If another client approached me, I could say with confidence that my schedule was full — because I’d already filled in all of the work and I’d confirmed I was earning at least $5,000 a month, prorated over the length of my larger projects.

In March, I also set aside Monday afternoons as “overflow time.” I could use those afternoons to work on a revision that took longer than expected, do administrative work I’d been putting off, or pick up one quick assignment that was too good to turn down. Scheduling overflow time worked out really well, so I’m keeping it up for April.

I should warn you: Despite all of this planning work and the overflow afternoons, I still spend about one day a week working on freelance assignments “after hours.” Sometimes it’s because something is unexpectedly added to my workload, but often it’s because I want to spend more time with an essay or a project.

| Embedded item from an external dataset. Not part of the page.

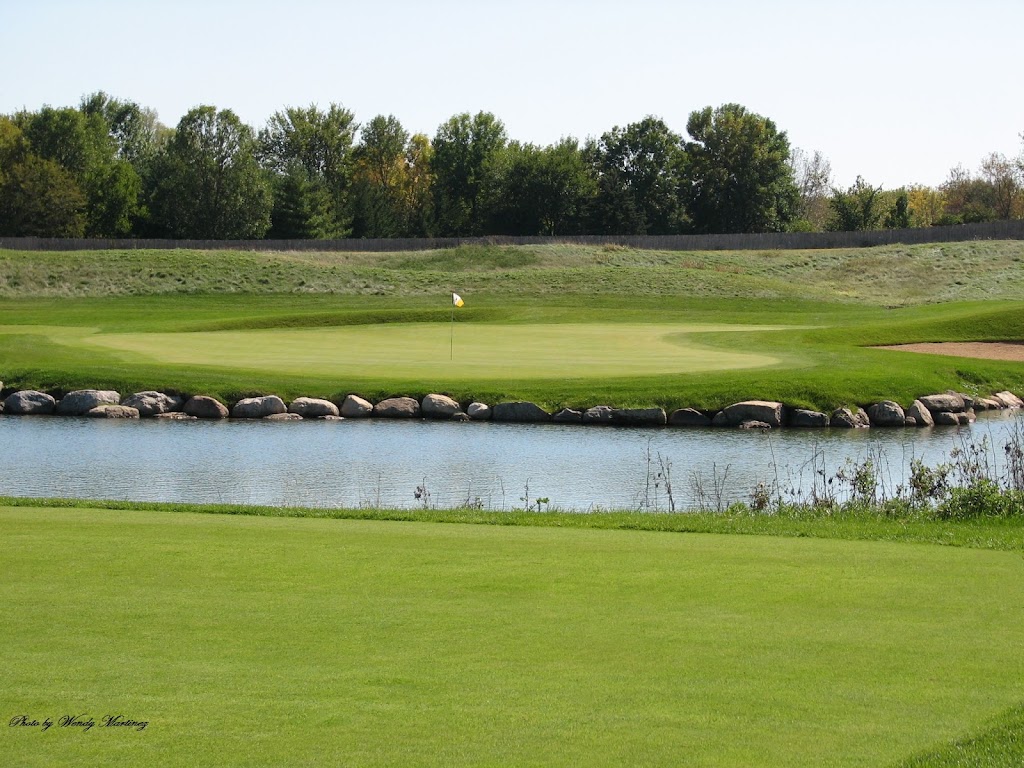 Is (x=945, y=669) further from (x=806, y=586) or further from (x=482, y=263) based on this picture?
(x=482, y=263)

This means I’m still not blocking enough time off for writing; as my career continues to evolve, I’ll want to schedule even more WORK time so I can give every post and project the attention it needs.

Still, I am for the most part hitting my metrics: I’m earning $5,000 a month, and I’ve got a manageable workload. It feels like freelance success to me.

How often do you re-evaluate your metrics and your tracking systems? Has what defines “success” changed since you started freelancing?